Dataset excerpts
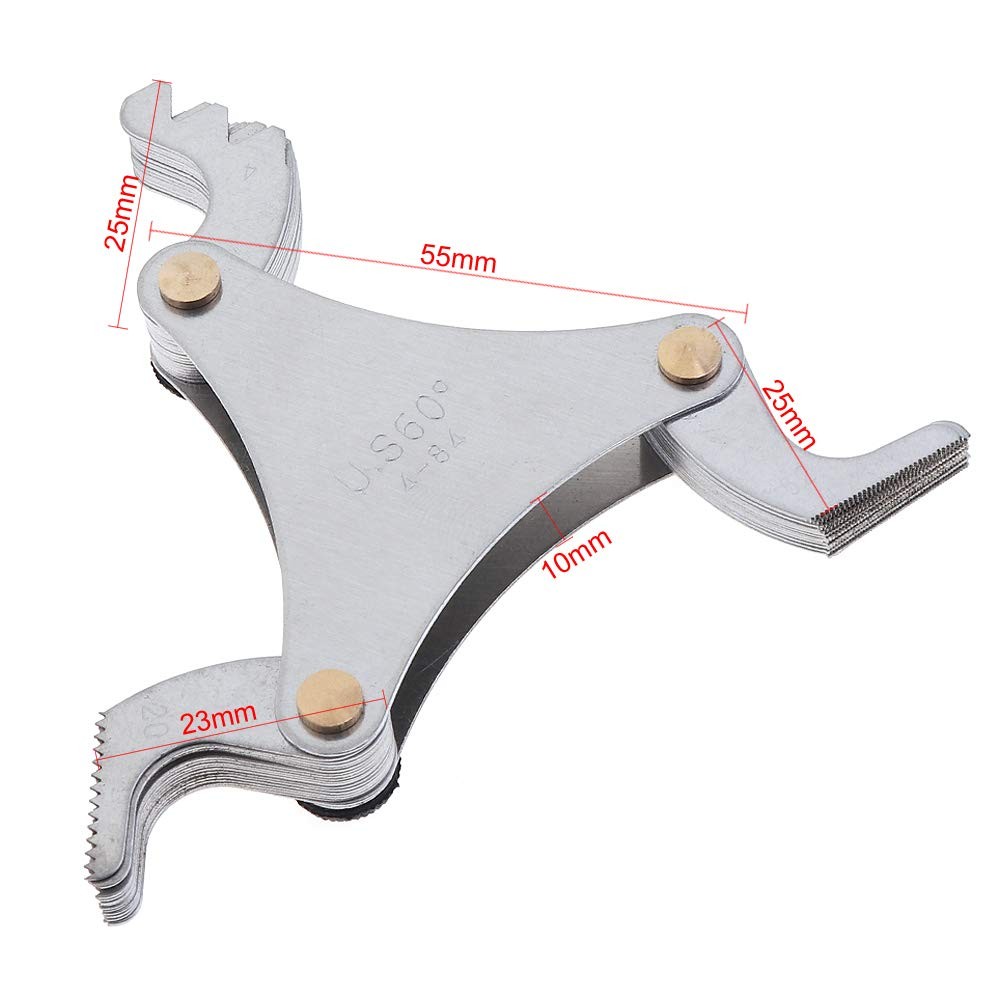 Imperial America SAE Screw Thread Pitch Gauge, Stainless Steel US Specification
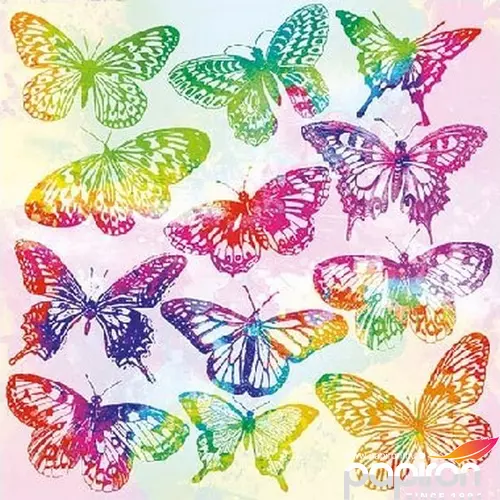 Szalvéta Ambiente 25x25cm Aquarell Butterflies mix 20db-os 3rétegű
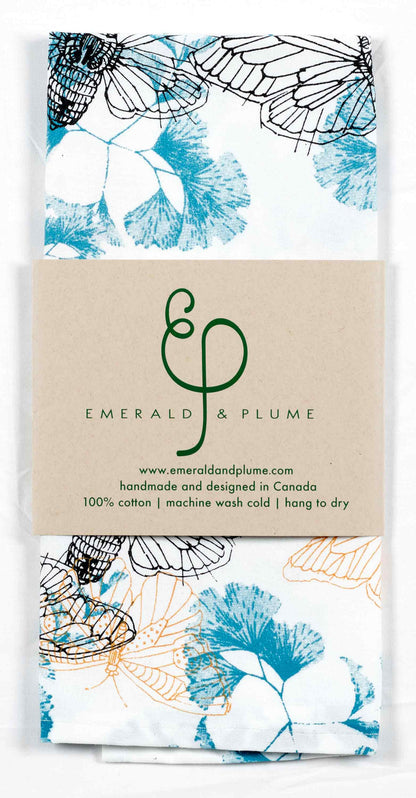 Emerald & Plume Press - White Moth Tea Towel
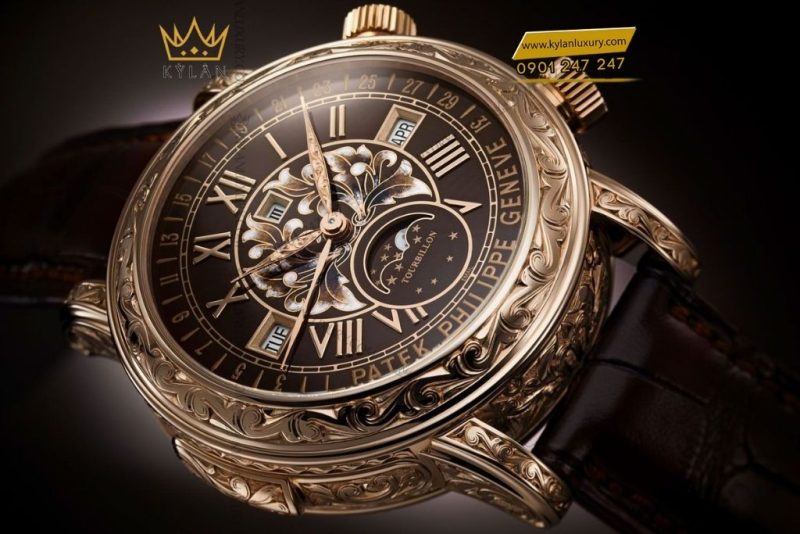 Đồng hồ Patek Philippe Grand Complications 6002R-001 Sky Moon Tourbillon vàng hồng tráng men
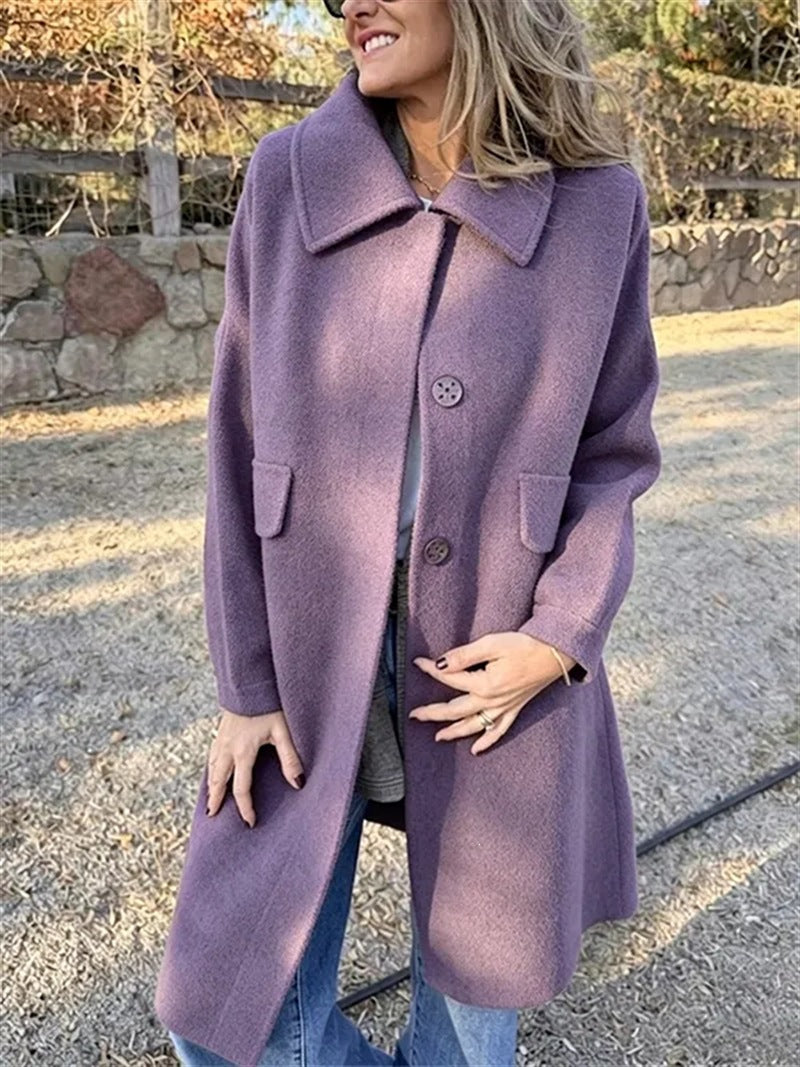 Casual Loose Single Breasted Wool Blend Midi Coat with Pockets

- **WHAT THE TASK REQUIRES**
Reproduce every record in full. Leave out the images.

- **TASK RESULT**
 Imperial America SAE Screw Thread Pitch Gauge, Stainless Steel US Specification
 Szalvéta Ambiente 25x25cm Aquarell Butterflies mix 20db-os 3rétegű
 Emerald & Plume Press - White Moth Tea Towel
 Đồng hồ Patek Philippe Grand Complications 6002R-001 Sky Moon Tourbillon vàng hồng tráng men
 Casual Loose Single Breasted Wool Blend Midi Coat with Pockets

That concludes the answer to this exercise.